Now it is time to calculate the share price of Altria. I perform three different calculations that I learned at a Phil Town seminar. The first is called the Margin of Safety price, which is calculated based on earnings per share (EPS), estimated future EPS growth, and estimated future price-to-earnings ratio (P/E). The minimum acceptable rate of return is 15%. I chose to use an EPS of 4,57, which is from the year 2023. I have selected a projected future EPS growth rate of 3%. Finbox expects EPS to grow by 1,9% in the next five years, but management believes it will reach mid-single digits, so I'm more optimistic. Additionally, I have selected a projected future P/E ratio of 6, which is double the growth rate. This decision is based on Altria's historically higher price-to-earnings (P/E) ratio. Finally, our minimum acceptable rate of return has already been established at 15%. After performing the calculations, we determined the sticker price (also known as fair value or intrinsic value) to be $9,11. We want to have a margin of safety of 50%, so we will divide it by 2. This means that we want to buy Altria at a price of $4,56 (or lower, obviously) if we use the Margin of Safety price.


The second calculation is known as the Ten Cap price. The rate of return that a company owner (or stockholder) receives on the purchase price of the company essentially represents its return on investment. The minimum annual return should be at least 10%, which I calculate as follows: The operating cash flow last year was 9.287, and capital expenditures were 196. I attempted to analyze their annual report in order to calculate the percentage of capital expenditures allocated to maintenance. I couldn't find it, but as a rule of thumb, you can expect that 70% of the capital expenditures will be allocated to maintenance purposes. This means that we will use 137 in our calculations. The tax provision was 2.798. We have 1.763,462 outstanding shares. Hence, the calculation will be as follows: (9.287 – 137+ 2.798) / 1.763,462 x 10 = $67,75 in Ten Cap price.
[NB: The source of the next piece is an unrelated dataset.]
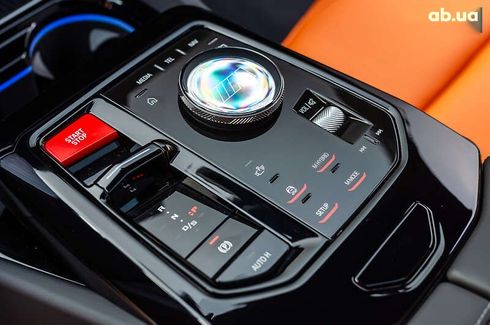 BMW M5 2024 - фото 28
The final calculation is referred to as the Payback Time price. It is a calculation based on the free cash flow per share. With Altria's free cash flow per share at $5,14 and a growth rate of 3%, if you want to recoup your investment in 8 years, the Payback Time price is $47,08.


I believe that Altria is a company with a significant competitive advantage. I am also confident in management. Altria has recently achieved a high Return on Invested Capital (ROIC) and has consistently maintained a high levered free cash flow margin. However, there are several challenges associated with investing in Altria. The industry is highly regulated, and Altria will probably continue to face regulations moving forward. It is impossible to predict how these future regulations will affect the company. Furthermore, Altria generates a significant portion of its revenue from the smokable segment, which is experiencing a continuous decline that is likely to persist year after year. As it stands, illicit products will affect Altria's growth in the e-vapor market, which is the fastest-growing non-smoking product segment. Illicit products also impact Altria's smokable products, which is particularly noticeable in California. Altria's management has noted that a significant number of former menthol smokers have shifted to illicit products imported from Mexico instead of non-menthol cigarettes. However, it isn't all bad. Altria is expanding its oral tobacco products, and with the acquisition of NJOY, they are poised to gain market share in the rapidly growing e-vapor industry. Additionally, the introduction of its heated tobacco product may address a current gap in the market in the United States. Management seems encouraged and has mentioned that they are committed to achieving long-term leadership in each of the smoke-free categories while delivering strong shareholder returns. Altria has a moat that protects its highly profitable smokable segment, and this moat will likely endure as long as there are smokers in the United States. Altria shares are currently trading at a high dividend yield, and the company consistently increases dividends. This suggests that purchasing shares now could result in even higher yields in the future. Nonetheless, I personally believe that there are better investments than Altria, so I will not be buying shares at this point.